Of course, the true Israel, Jesus, did it the right way. And in His perfect obedience, substitutionary sacrifice, defeat of death, and ascension to heaven, He reconciled the world in Himself. Reconciled… “put to rights.” So, Jesus is Lord and we reign in Him. This means that if we worship properly and take dominion properly (one follows the other), the world will follow suit. This means that Satan has power only in as much as we allow him to have it… sometimes he has a little, sometimes he has a lot. Right now, in America, it appears he has a lot. We only have ourselves to blame. So, if we want to see homosexuality and other sexual sins come under judgment and fall by the wayside, what do we do? Elect conservative politicians? Picket courthouses? Post anti-gay memes on our Facebook page? Well, these things aren’t bad, they’re just ineffective apart from proper worship. If we want the world to understand and conform to proper of sexual union, we have to first practice regular spiritual union.
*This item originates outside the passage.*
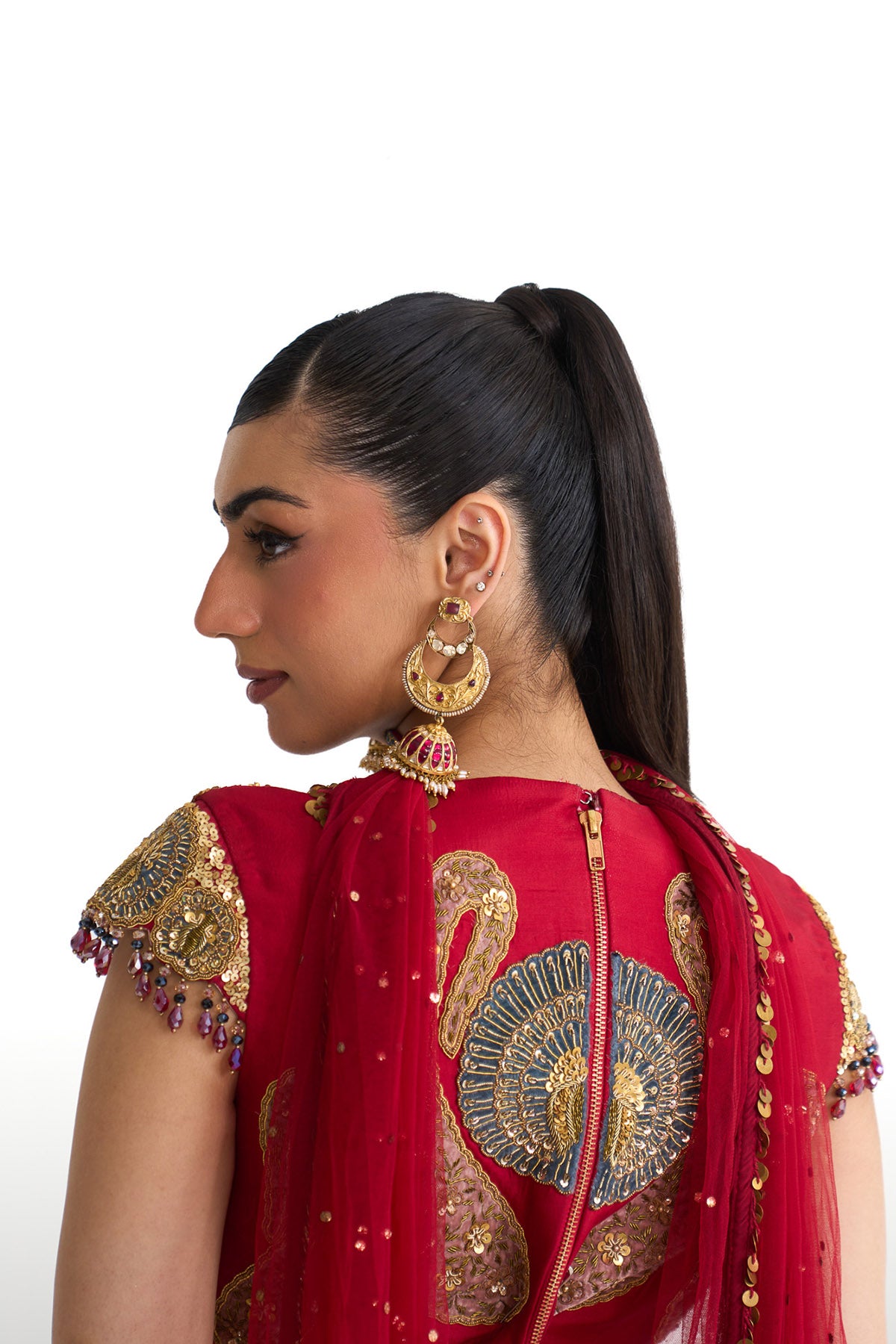 Mor pankh crop top set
How many conservative churches actually practice weekly communion? I’d say a very, very, very small number. Biblically, the preaching of the Word and communion are linked. In the Old Covenant system, the peace offering (the only offering actually called a “sacrifice”) was where the people got to share a meal with God. Of course, this was still very impersonal, because it was through the death of an animal, a representative of the people. The animal was cut apart, and part of it (the fat) would ascend to God from the altar through smoke (a pleasing aroma), and part would be consumed by the family in their home. The animal, in essence, was “put back together” through it’s consumption. This was a sign of peace. This was the only offering where the people could eat any of the animal. We are told in Romans 12 to offer ourselves as living sacrifices to God. The Word is sharper than a two-edged sword, piercing to the division of soul and of spirit, joints and marrow, and discerning the thoughts and intentions of the heart (Hebrews 4). This is exactly what the preaching of God’s Word does to us (when properly done). Many conservative churches do this well. What they don’t do is the second part of the equation. The putting back together part. That’s what the Lord’s Supper does – it unites us to Christ. When the preaching cuts us to pieces every Sunday, we need to be put back together. I wonder what it means when week in and week out, the majority of evangelical Christians are not being properly put back together. I know what it means for the rest of the world.